Василий словно очнулся ото сна: в самом деле, не подобает слуге Господа так раскисать.
– Господь всегда с тем, кто творит благое.
– Ну, вот вишь! – обрадовался врач и слегка толкнул в плечо Василия. – А я что говорю? Все будет путём!
Тем временем колонна миновала город и помчалась среди полей. Затем начался красивый невысокий лес с раскидистыми деревьями. Дорога бежала вдоль небольшой извилистой речушки, то приближаясь к её коричневым глинистым водам, то отдаляясь, когда река делала излучины. Но Василий не смотрел по сторонам, он погрузился в свои мысли.
Размышления длились, наверное, полчаса.
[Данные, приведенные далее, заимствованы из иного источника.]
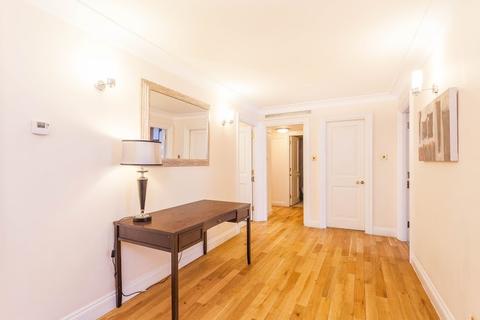 3 bedroom flat to rent, Prince of Wales Terrace  W8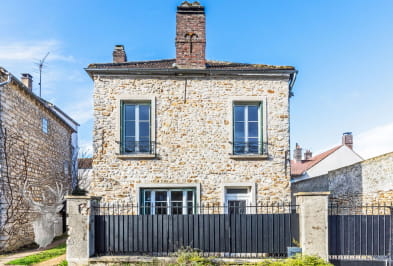 Maison de charme et de caractère avec 5 chambres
За это время Василий не проронил ни слова, а спасатели сзади обсуждали дальнейшие планы, потом немного поговорили про местную природу и погоду, главврач рассказал забавный случай, который произошел с ним накануне, и снова разговор перекинулся на работу. Когда в салоне установилась тишина, Василий перегнулся через кресло и негромко, словно надеялся, что кроме него и полковника его никто не услышит, обратился к нему:
– Алексей… Извините.
– Георгиевич.
– Алексей Георгиевич, могу ли я быть Вам полезен… Ну, то есть, в свободное от службы время? На раскопках или хотя бы на кухне?
Балкин сделал вид, что удивился, но ответил сразу, видимо, он был готов к такому вопросу:
– На кухне у меня штат полный, а вообще… Вообще лишние руки нам не помешают.
Василий сел на свое место с облегчением от того ли, что нашел смелости задать это вопрос или оттого, что ему не отказали.
Потребовалось несколько часов, чтобы колонна, наконец, прибыла в палаточный лагерь МЧС, расположенный на окраине еще одного разрушенного города. Первое, что бросалось в глаза – это колючая проволока вокруг лагеря и самый настоящий блокпост на въезде с двумя солдатами. На окраине палаточного городка располагался склад, обнесенный высоким забором из бамбука и венчавшийся сверху колючей проволокой.
В центре базы спасателей стояла большая палатка – штаб, а рядом с ней – другая такая же, отведенная под полевую церковь. Возле палатки росло высокое раскидистое дерево с толстым стволом, и оно очень понравилось Василию. Слова главврача (Василий редко встречался с ним и, к своему стыду, до конца операции так и не узнал, как его зовут) оказали неожиданное вдохновляющее воздействие на него, а после разговора с полковником он был на гребне душевного подъема, полный надежд и стремления каждую секунду нести людям добро. В таком расположении духа ему нравилось определенно всё, и даже внешнему виду лагеря, больше похожему на концентрационный, он не придал значения.